841.2368/9–147: Telegram

The Ambassador in the United Kingdom (Douglas) to the Secretary of State

top secret
us urgent

4743. For Lovett from Douglas. ReDeptel 3799.1 1. I informed Bevin this afternoon we could not accept the uncompromising position of the UK Government in regard to the date of withdrawal of troops from Greece.

2. Bevin replied that he understood we were disturbed but that there were three considerations which made his Government most anxious to remove British troops from the area.

(a)
Mr. Byrnes had been informed over a year ago that the purpose which the British Government had in mind when the troops were first sent to Greece had been accomplished and that he could not keep the troops there interminably. Mr. Marshall had been informed at the Moscow Conference that it was the intention of the British Government to withdraw the troops during the fall of this year. We had, therefore, been given ample notice.
(b)
He had been having a great deal of trouble within his own party over retaining the troops in Greece as long as they had been retained and he was under great pressure to withdraw them.
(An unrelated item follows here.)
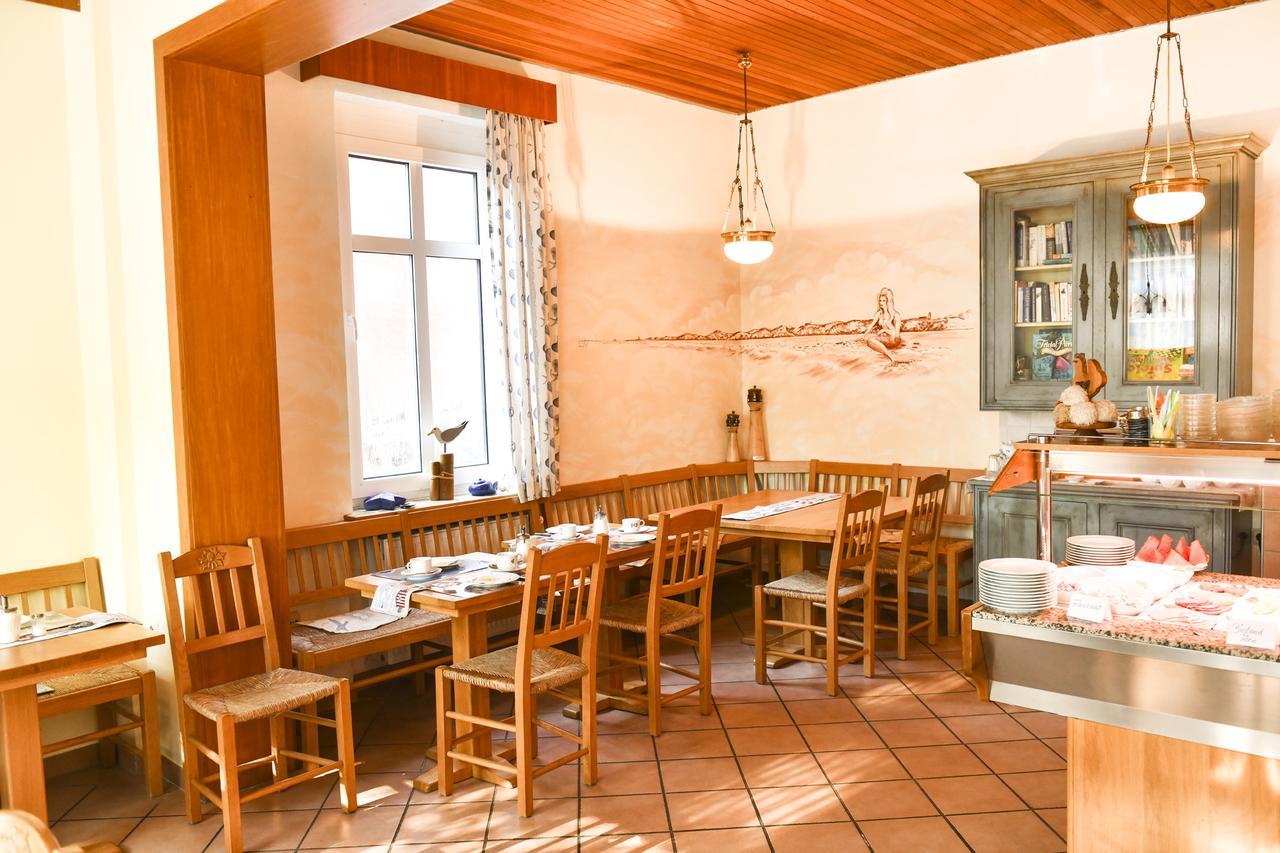 Haus Seemannstreu Juist Zewnętrze zdjęcie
This pressure he could not, he thought, any longer resist. “Suppose”, he said, “one soldier were killed and trouble between ourselves and the Soviet were thereby precipitated—I would be in an untenable position in England”.
(c)
One of the important influences was the fact that the policy of our Government in the Middle East was unknown to his Government. It was not known, for example, what our attitude in regard to the disposition of Cyrenaica might be.
Herschel Johnson’s apparent objection to a treaty of mutual assistance between the UK and Egyptian Government was most disturbing.2
As to Palestine, the report of the committee of the UN Security Council raised most serious questions in regard to which the attitude of our Government was unknown.
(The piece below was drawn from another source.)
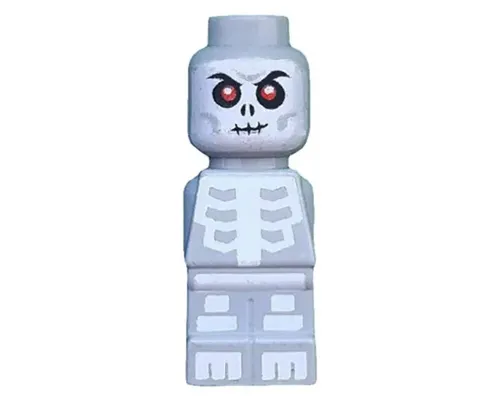 Microfigure Ninjago Skeleton Light Bluish Gray (4615582) Image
3. I replied as to Bevin’s first point (a), that while it was true he had informed Secretary Marshall in Moscow the British forces in Greece would be withdrawn during the autumn of this year, the conditions during the intervening period had changed and were much more charged with difficulties now than they were then, that the action contemplated at that time ought to be reviewed in the light of circumstances as they are today.

As to Mr. Bevin’s second point (b), I said I appreciated the political pressure within his party which was apparently influencing him. I hoped that he would not yield on the matter of such great significance, solely because of an internal political consideration. The withdrawal of the troops could, I believed, have no financial results sufficient to justify the serious consequences that might result.
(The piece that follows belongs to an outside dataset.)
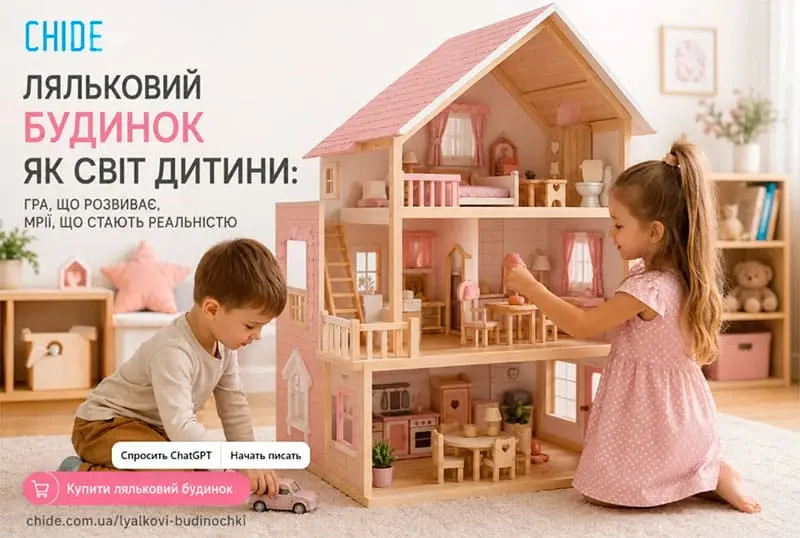 ляльковий будинок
I took it upon myself to say that the suggestion that the Greek Army be increased was no substitution for the British troops. We were convinced that the Soviet was not prepared to commit any overt act against a major power, but that it might not be reluctant to encourage the guerrillas to commit overt acts against a minor power. Accordingly, the withdrawal of British troops might precipitate exactly what Mr. Bevin sought to avoid.

Finally, I pointed out that British troops in Greece were symbolic of US-UK joint responsibility—this was the real significance of retaining them there, and that to withdraw them under the existing circumstances would be interpreted as an abandonment of the joint responsibility at a very critical time, with probable repercussion throughout other parts of Europe.

4. At last, Bevin said that he must repeat that his colleagues were very anxious to withdraw the troops but that he would not now give me a definite answer.

[Page 323]

He put forward as a purely personal suggestion the following:

That we jointly review the whole position in the Middle East including Cyrenaica, Egypt, Palestine, Iraq and Persia, for the purpose of arriving at a “gentlemen’s understanding” in regard to a common policy and joint responsibility throughout the area,3 with the British acting as the front and ourselves supplying the moral support. He said he may put this to his cabinet but inferred that he would like to have our views to the above personal suggestion before doing so. I would appreciate your advice so that I may pass it on to Bevin.

Douglas
  1. Dated August 30, p. 319.
  2. See telegram 4706, August 29, from London, and footnote 1, p. 803.
  3. This suggestion came to fruition when on October 16, 1947, the United States and the United Kingdom began “The Pentagon Talks of 1947”; for documentation on these talks, see pp. 485 ff.